Elegir los problemas
Ya en alguna ocasión, hace ya mucho, he traído a colación un soberbio pasaje de los Cahiers de Paul Valéry en el que, a propósito de la religión, éste se plantea “si un hombre de nuestro tiempo, muy conocedor de nuestras ciencias, etc., pero completamente desconocedor de las creencias y de las doctrinas antiguas, e incluso de ciertas palabras, inventaría el alma y su inmortalidad”. Valéry concluye que no, y de ello desprende que buena parte de los problemas que ocupan y preocupan a los hombres y mujeres, a quienes se les antoja cuestiones eternas, en realidad se extinguen con el tiempo. “Los problemas que mueren –pues los problemas son mortales y hay muchos que han desaparecido– son aquellos que los hombres de una época no inventarían. Por mucho que se los planteemos, no los comprenden. La cuestión les parece vana”.
Citaba yo estas palabras para sugerirla posibilidad de que, lo mismo que la religión, también la literatura, al menos tal y como aún la concebimos, fuera un problema moribundo. Y, para acallar las presumibles protestas y alarmas de aquellos a quienes mis palabras escandalizaran, añadía que la muerte de un problema no comporta necesariamente –o al menos no de manera inmediata– la desaparición de las estructuras mentales e institucionales que surgieron para afrontarlo (iglesias, sínodos, sacerdotes, creyentes; academias, ferias, escritores, lectores).
El apunte de Valéry es del año 1921. Casi diez años después, en 1930, André Gide anota algo muy semejante en su diario. Escribe: “Uno tras otro, todos esos ‘problemas’ que apasionaron a la humanidad, y sin la solución de los cuales parecía que no se podía vivir de verdad, dejan de interesar, no porque se haya encontrado la solución, sino porque la vida se retira de ellos. Mueren en cuanto dejan de ser urgentes, de manera que ni siquiera se percibe que han muerto, porque no sufren una agonía, sino solamente: se han muerto”.

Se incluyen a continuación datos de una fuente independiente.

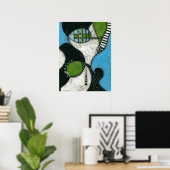 Winter Sjaal Poster Wall Art (Thuiskantoor)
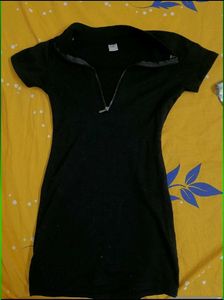 Zipper Mini Dresss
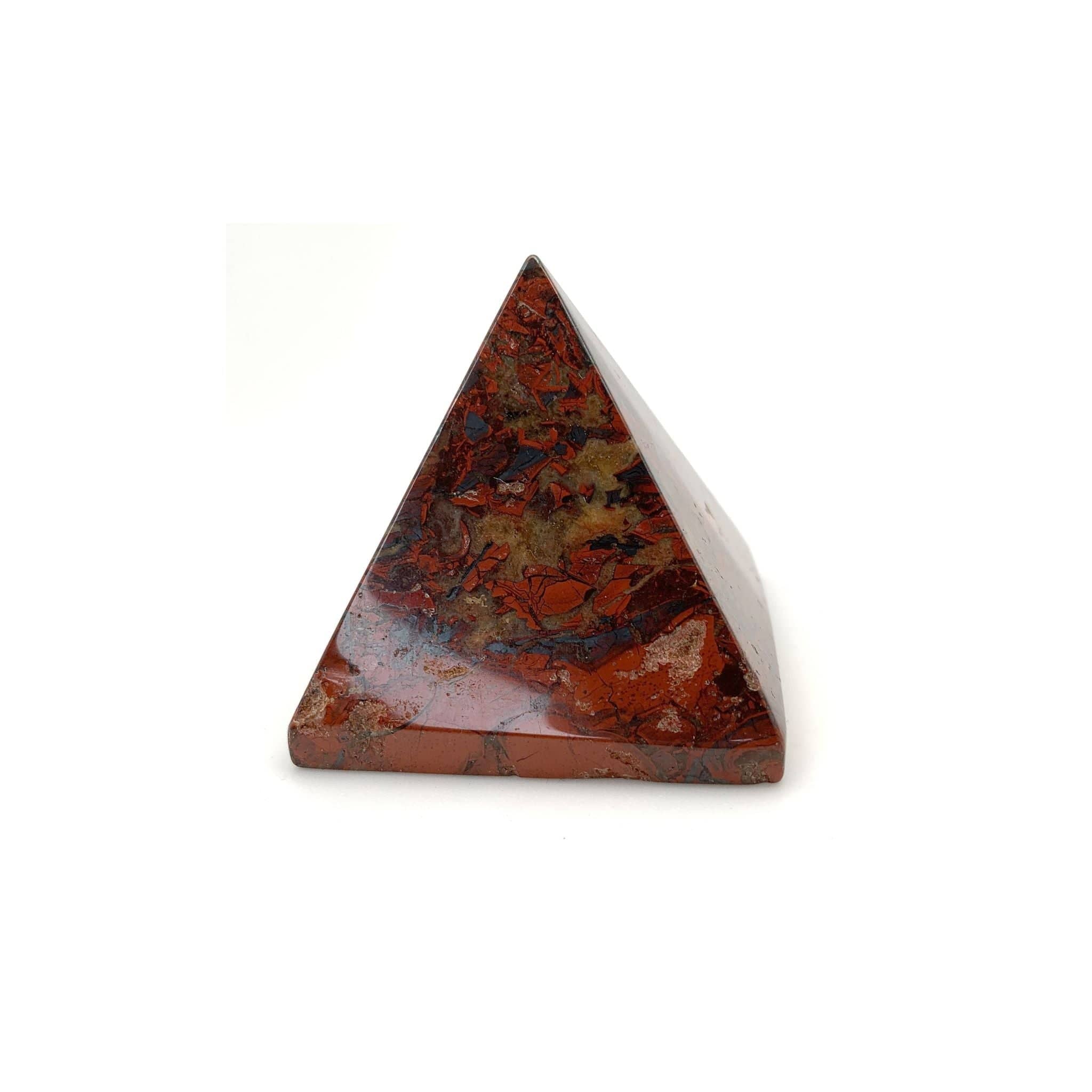 Jasper Brecciated Pyramid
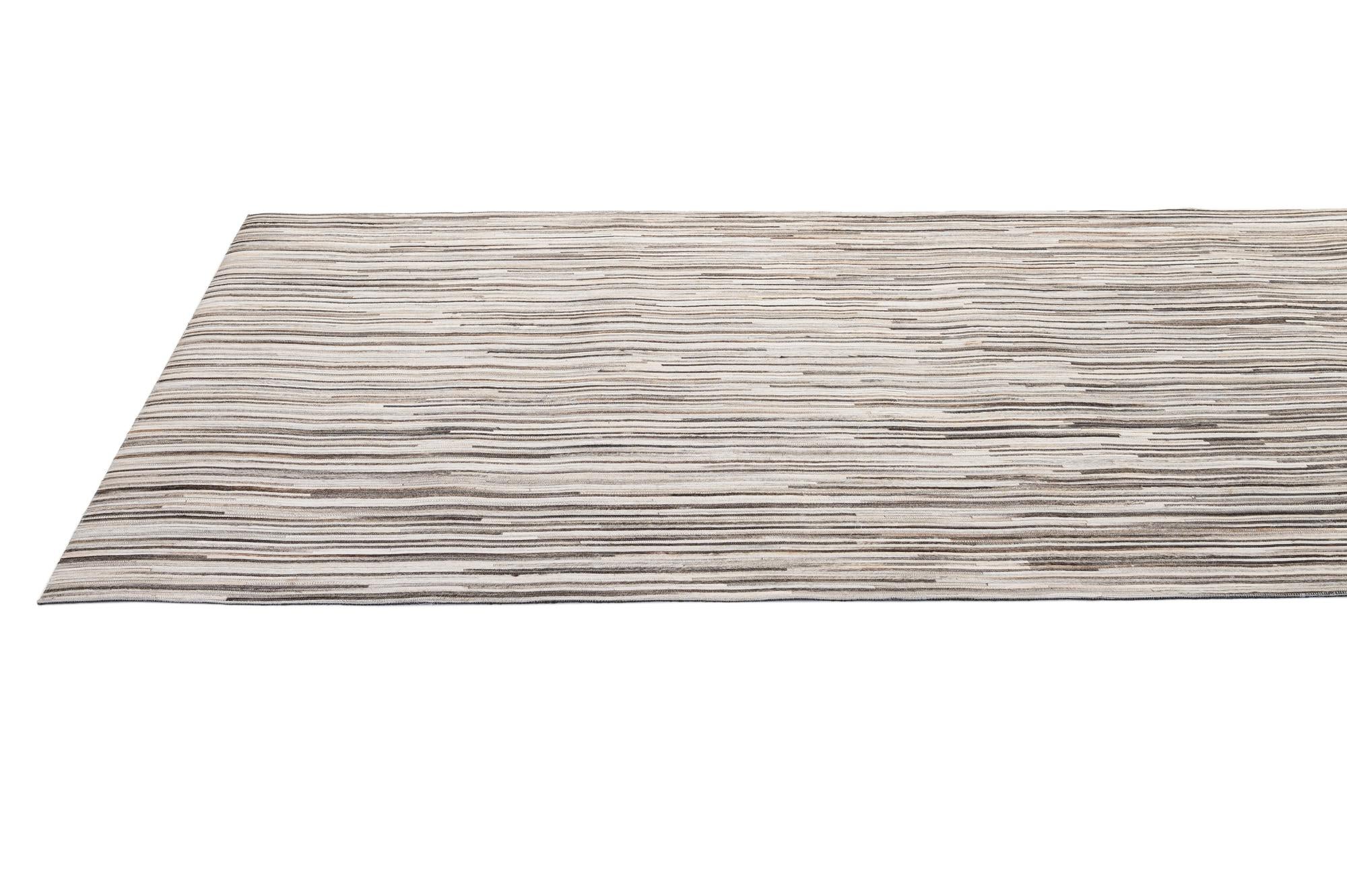 5' 2 x 8' Cowhide - Patchwork Rug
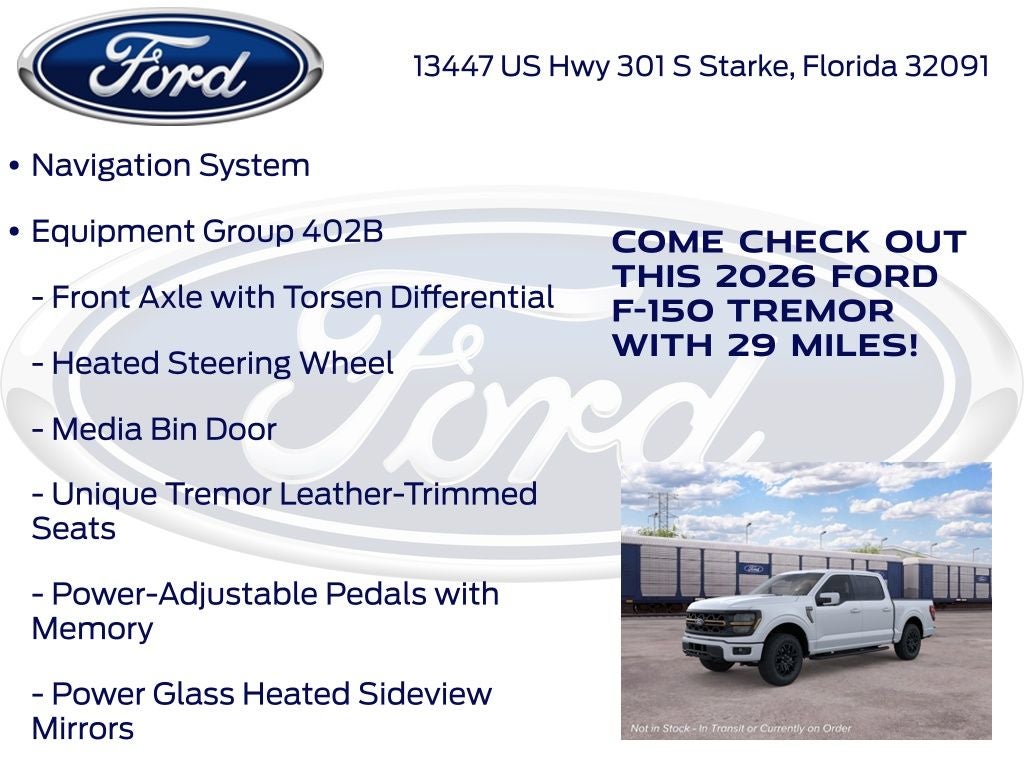 2026 Ford F-150 Tremor 402B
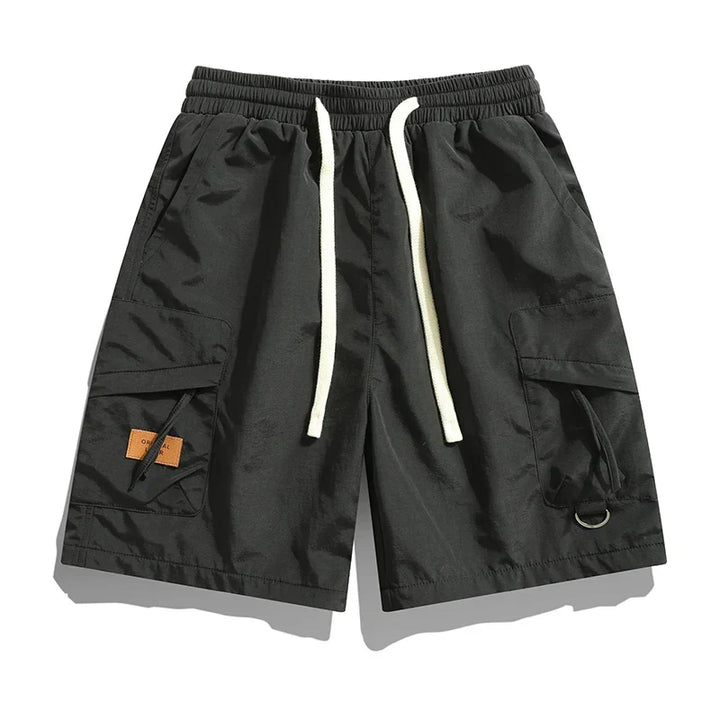 Men's Lightweight Cargo Shorts, Elastic Waist Summer Utility Shorts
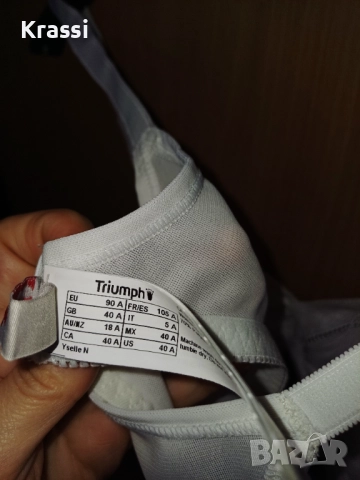 Triumph бял сутиен 90 А нов, снимка 5 - Бельо - 52594205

A Gide y Valéry los unió durante toda su vida una sólida amistad, llena de aspectos cómicos y enternecedores. No cabe pensar en dos personalidades más distintas, en dos inteligencias más opuestas. Tanto más regocijo produce verlos coincidir en una observación por otro lado tan aguda. Pues es altamente improbable que Gide hubiera leído el pasaje de Valéry, tanto como que los dos hubieran conversado sobre el asunto.
Uno se pregunta cuántos, entre esos problemas, encontrarán una solución y cuántos se extinguirán por sí solos, porque la vida se habrá retirado de ellos
Al escribir esas palabras, Gide también está pensando en la religión, más en particular en los apasionados debates entre católicos y protestantes que –para nuestro pasmo– tanto ocuparon a la intelectualidad francesa del periodo de entreguerras. Pero en la misma entrada del diario añade una consideración que es la que me ha incitado a escribir esta columna. Dice así: “Hay grandes posibilidades de que un ‘problema’ que solo le importa a un país tampoco ocupe más que un momento de su historia”.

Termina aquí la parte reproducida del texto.